Configuration¶

config.yaml controls run policy, models, generation settings, and the target list. Pass --config <file> to use a different file.

Full reference¶

run:
  force: false       # re-run phases even if output already exists
  dry_run: false     # print what would run without making LLM calls
  concurrency:
    gen_scenarios: 5    # parallel scenario generation calls
    simulate: 10        # parallel conversation simulations
    evaluate: 20        # parallel evaluation calls

user_model:             # drives the simulated adversarial user
  model: claude-sonnet-4-6
  source: anthropic
  apikey: "${ANTHROPIC_API_KEY}"

evaluator_model:        # scores each conversation transcript
  model: gpt-5.4-mini
  source: openai
  apikey: "${OPENAI_API_KEY}"

generation:
  scenarios_per_metric: 3   # distinct scenarios generated per metric
  turns: 6                  # max conversation turns per simulation
  num_samples: 1            # independent samples per scenario

demographics:
  age: ["Child or teenager (6-17)", "Adult (18+)"]

perfunctory: false    # inject realistic typos + lowercase into user messages
landmarks: true       # give the user model turn-by-turn landmark instructions

targets:
  - id: gpt-4o
    model: gpt-4o
    source: openai
    apikey: "${OPENAI_API_KEY}"
  - id: claude-sonnet-4
    model: claude-sonnet-4-6
    source: anthropic
    apikey: "${ANTHROPIC_API_KEY}"

run¶

key	effect
`force`	Re-run a phase even if its output file already exists. Useful when you change prompts or metrics.
`dry_run`	Print what would run without making any LLM calls. Useful for verifying config before a full run.
`concurrency.*`	Number of parallel workers per phase. Higher values speed up long runs; lower values help avoid rate limits.

Models¶

user_model, evaluator_model, and each entry in targets all use the same shape:

model: <model name>
source: <provider prefix>
apikey: "${ENV_VAR}"
base_url: "https://..."   # optional, for OpenAI-compatible endpoints

source is prepended to model as source/model for litellm routing, except for openai which needs no prefix. See Providers & cost.

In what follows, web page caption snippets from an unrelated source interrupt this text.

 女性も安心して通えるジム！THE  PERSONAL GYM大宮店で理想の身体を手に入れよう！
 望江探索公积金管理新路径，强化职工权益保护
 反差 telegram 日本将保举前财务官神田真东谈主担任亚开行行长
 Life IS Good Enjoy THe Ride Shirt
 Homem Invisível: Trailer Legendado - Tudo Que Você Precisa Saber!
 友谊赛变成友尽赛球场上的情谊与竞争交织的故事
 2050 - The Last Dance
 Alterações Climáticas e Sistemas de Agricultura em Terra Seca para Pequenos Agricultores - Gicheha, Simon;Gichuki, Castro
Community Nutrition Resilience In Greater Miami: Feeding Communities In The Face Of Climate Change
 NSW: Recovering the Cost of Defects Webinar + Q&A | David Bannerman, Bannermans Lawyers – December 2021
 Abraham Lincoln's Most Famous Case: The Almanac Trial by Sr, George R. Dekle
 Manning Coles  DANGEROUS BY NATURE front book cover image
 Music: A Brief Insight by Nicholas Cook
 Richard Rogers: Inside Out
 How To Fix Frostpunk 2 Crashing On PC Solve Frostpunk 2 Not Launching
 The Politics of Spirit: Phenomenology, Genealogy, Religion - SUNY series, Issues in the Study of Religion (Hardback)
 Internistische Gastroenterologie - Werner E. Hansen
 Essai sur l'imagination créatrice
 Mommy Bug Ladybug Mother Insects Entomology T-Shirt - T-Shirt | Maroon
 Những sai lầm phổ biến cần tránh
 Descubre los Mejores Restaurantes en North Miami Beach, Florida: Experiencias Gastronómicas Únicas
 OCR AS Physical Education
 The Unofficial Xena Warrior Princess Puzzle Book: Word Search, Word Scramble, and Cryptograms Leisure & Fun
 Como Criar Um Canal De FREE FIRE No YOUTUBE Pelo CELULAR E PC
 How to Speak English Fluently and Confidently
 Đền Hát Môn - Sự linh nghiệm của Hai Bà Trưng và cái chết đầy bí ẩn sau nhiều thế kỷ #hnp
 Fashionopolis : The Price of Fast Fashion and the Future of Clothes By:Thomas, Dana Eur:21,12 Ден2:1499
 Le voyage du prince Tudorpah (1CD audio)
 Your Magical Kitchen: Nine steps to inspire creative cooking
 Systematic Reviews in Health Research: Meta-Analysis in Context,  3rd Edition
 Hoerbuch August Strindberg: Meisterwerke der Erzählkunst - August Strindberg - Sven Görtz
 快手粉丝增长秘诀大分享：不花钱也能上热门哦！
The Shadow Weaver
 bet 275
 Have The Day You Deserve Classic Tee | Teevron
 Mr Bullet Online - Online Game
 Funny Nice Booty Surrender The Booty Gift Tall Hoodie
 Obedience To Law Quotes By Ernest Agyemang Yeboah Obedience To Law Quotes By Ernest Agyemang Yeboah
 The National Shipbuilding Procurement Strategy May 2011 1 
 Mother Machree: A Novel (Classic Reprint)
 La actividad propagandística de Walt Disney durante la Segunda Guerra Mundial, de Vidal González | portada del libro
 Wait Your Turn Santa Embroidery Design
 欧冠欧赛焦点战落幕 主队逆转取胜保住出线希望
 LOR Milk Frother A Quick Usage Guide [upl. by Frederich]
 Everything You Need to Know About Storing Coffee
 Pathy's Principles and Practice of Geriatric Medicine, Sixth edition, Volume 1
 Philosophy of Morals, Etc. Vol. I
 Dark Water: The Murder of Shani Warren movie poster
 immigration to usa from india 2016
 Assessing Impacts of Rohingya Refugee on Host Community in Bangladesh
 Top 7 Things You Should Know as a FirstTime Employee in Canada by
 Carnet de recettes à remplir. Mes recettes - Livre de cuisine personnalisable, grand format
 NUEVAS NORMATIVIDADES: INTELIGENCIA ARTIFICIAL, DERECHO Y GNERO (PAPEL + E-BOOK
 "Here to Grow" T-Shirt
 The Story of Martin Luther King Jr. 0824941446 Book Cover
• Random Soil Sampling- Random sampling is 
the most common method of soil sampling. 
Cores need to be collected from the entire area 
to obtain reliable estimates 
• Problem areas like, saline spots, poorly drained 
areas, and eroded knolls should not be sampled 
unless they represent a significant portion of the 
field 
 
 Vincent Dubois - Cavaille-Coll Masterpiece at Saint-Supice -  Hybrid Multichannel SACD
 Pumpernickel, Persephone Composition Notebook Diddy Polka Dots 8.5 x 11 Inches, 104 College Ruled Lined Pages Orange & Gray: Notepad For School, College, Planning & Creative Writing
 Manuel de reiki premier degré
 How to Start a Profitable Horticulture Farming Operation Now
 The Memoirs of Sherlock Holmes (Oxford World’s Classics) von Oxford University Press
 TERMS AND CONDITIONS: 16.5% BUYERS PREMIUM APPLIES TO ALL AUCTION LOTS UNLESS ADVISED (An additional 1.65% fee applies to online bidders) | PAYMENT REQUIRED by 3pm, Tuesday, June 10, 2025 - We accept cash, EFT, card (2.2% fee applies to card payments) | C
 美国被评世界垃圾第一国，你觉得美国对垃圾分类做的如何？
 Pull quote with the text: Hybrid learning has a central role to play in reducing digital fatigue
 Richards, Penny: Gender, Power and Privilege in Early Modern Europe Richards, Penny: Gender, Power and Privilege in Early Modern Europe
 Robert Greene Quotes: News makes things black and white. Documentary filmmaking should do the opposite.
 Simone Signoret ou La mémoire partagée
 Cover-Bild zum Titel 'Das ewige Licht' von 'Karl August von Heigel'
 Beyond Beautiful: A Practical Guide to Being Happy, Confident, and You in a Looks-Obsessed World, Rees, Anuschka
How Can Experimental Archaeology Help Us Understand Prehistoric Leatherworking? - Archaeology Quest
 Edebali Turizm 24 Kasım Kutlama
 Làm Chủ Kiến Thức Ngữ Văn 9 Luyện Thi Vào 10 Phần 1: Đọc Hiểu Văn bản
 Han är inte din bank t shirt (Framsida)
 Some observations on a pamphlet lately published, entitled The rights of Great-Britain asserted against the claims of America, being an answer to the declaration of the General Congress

${VAR} in any string field is resolved from the environment at runtime.

generation¶

key	effect
`scenarios_per_metric`	How many distinct scenarios the LLM generates per metric. More reduces overfitting to a single conversational setup.
`turns`	Max conversation turns per simulation. Longer gives the adversarial user more chances to apply pressure.
`num_samples`	Independent conversation samples per scenario. Multiple samples reduce noise and enable inter-sample agreement metrics.

demographics¶

Each key is a demographic axis; the value is the list of values to expand over. Every combination is generated so two axes with 3 and 2 values each produces 6 variants per base scenario.

demographics:
  age: ["Child or teenager (6-17)", "Adult (18+)"]
  # gender: [male, female, nonbinary]  # uncomment to add a second axis

Leave empty (demographics: {}) to disable demographic expansion entirely.

perfunctory and landmarks¶

perfunctory: true injects realistic typos, missing capitals, and fragmented phrasing into user messages to produce more naturalistic simulated input. Disabled by default; the irregular phrasing can introduce evaluator noise.

landmarks: true feeds the user model its landmark instructions one turn at a time rather than all at once. This makes adversarial pressure more structured and reproducible. Disable it for more naturalistic, less guided conversations.

targets¶

Each target needs a unique id this becomes the directory name under benchmarks/<name>/runs/<id>/. Running python main.py <benchmark> all runs all targets in this list. You can run a single target with:

python main.py mcab simulate gpt-4o
python main.py mcab evaluate gpt-4o

Multiple configs¶

Use --config to switch configs without editing the default file:

python main.py mcab all --config config.dev.yaml   # small, fast
python main.py mcab all --config config.yaml       # full run

A typical development config uses scenarios_per_metric: 1, turns: 3, and a single target model to keep iteration fast.